DATASET EXTRACT:
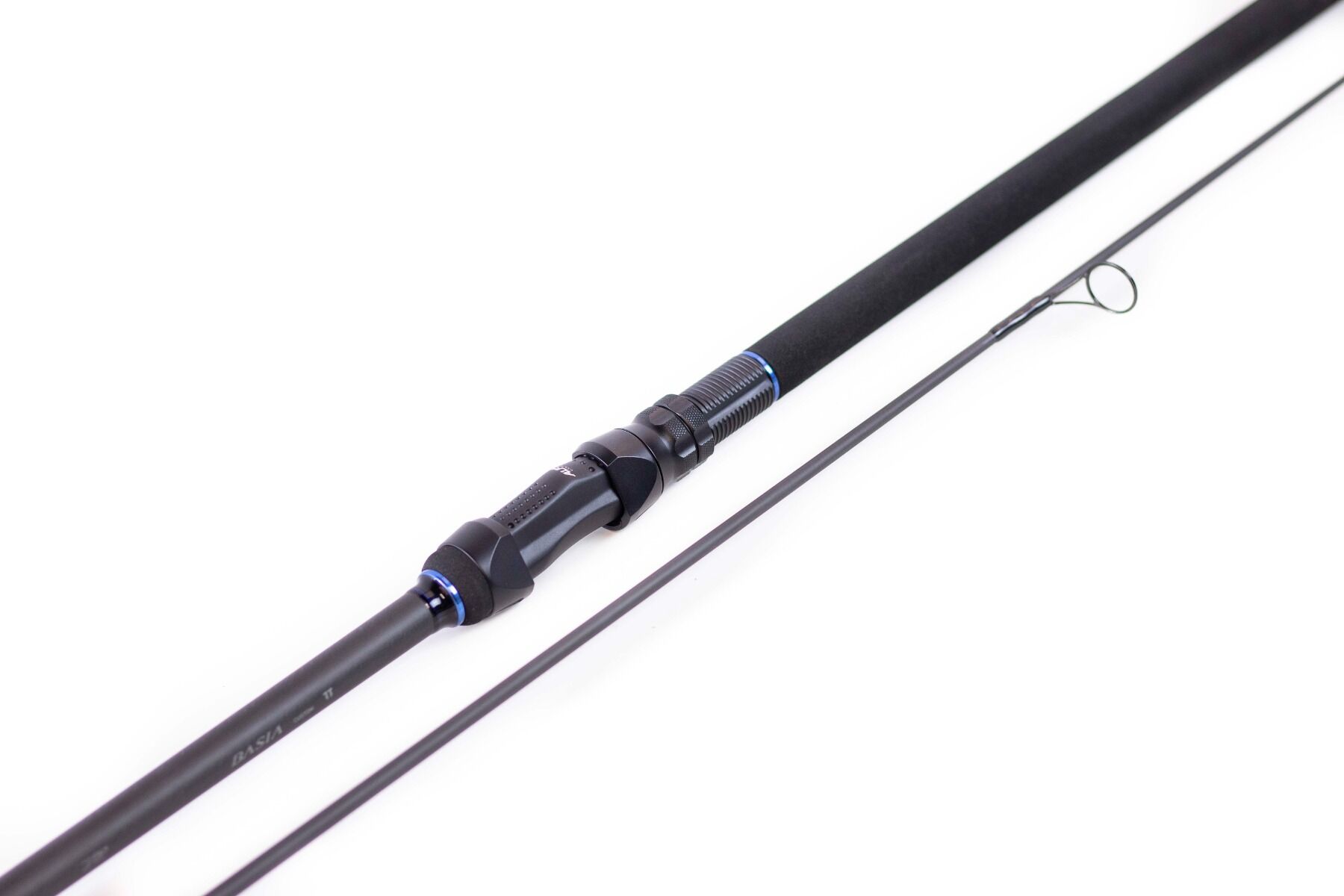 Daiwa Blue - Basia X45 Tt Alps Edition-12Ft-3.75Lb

--

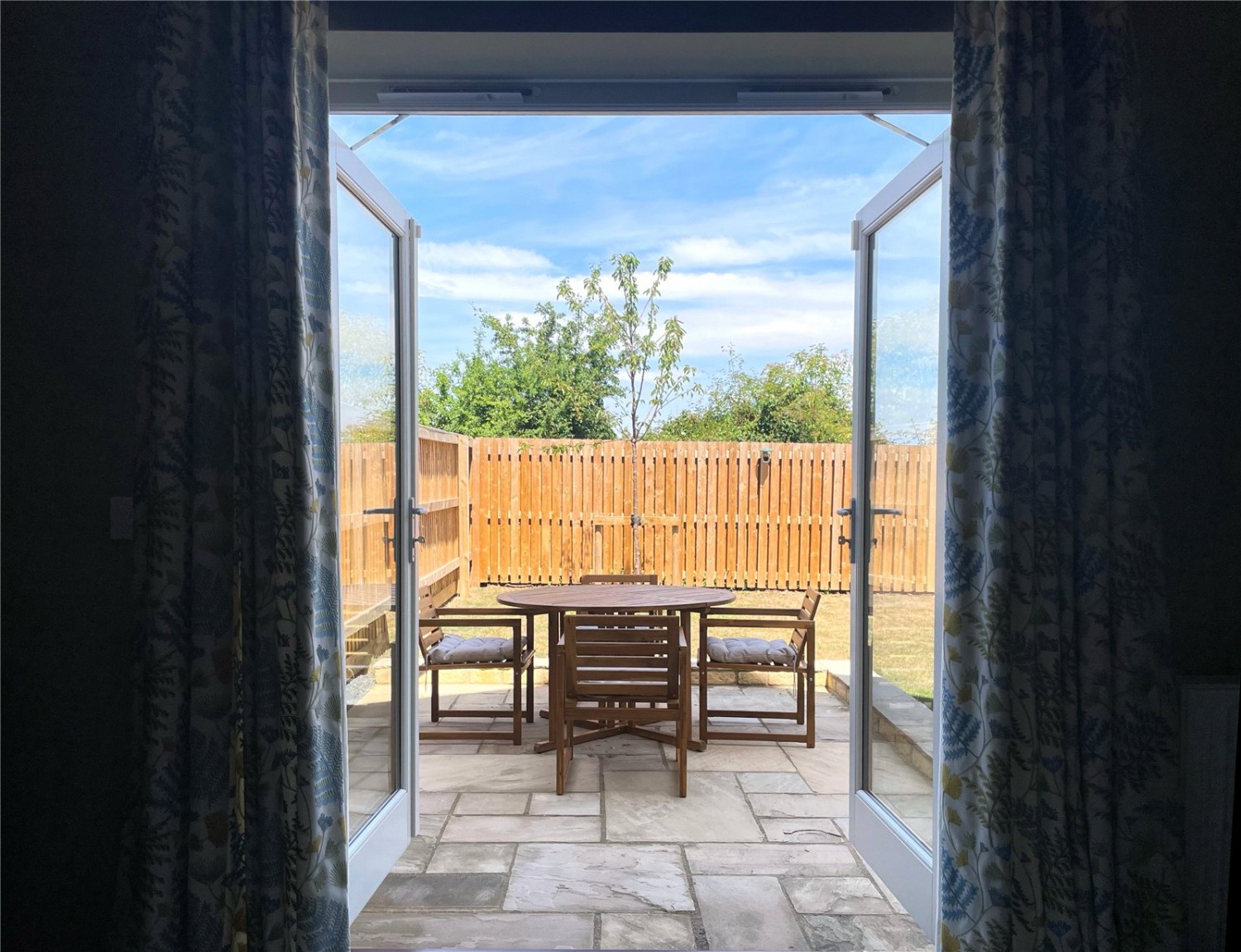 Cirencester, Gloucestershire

---

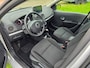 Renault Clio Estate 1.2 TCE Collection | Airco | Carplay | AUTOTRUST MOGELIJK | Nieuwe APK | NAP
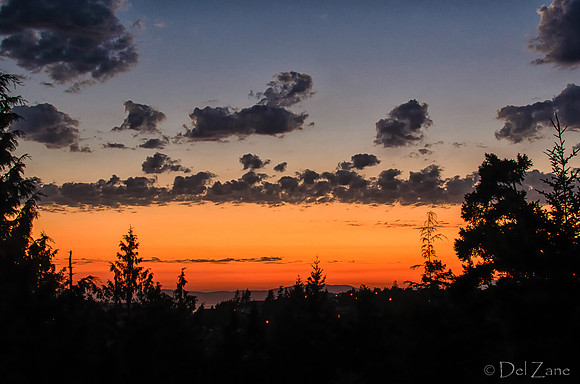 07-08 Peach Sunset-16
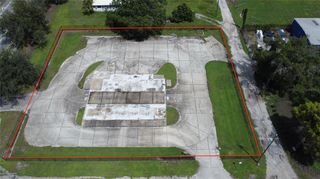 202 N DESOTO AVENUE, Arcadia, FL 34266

ASSIGNED TASK: Would you please reproduce the entries above, starting at the line with "07-08 Peach Sunset-16" and stopping after the line with "202 N DESOTO AVENUE, Arcadia, FL 34266"? Omit any pictures.

EXERCISE RESULT:
 07-08 Peach Sunset-16
 202 N DESOTO AVENUE, Arcadia, FL 34266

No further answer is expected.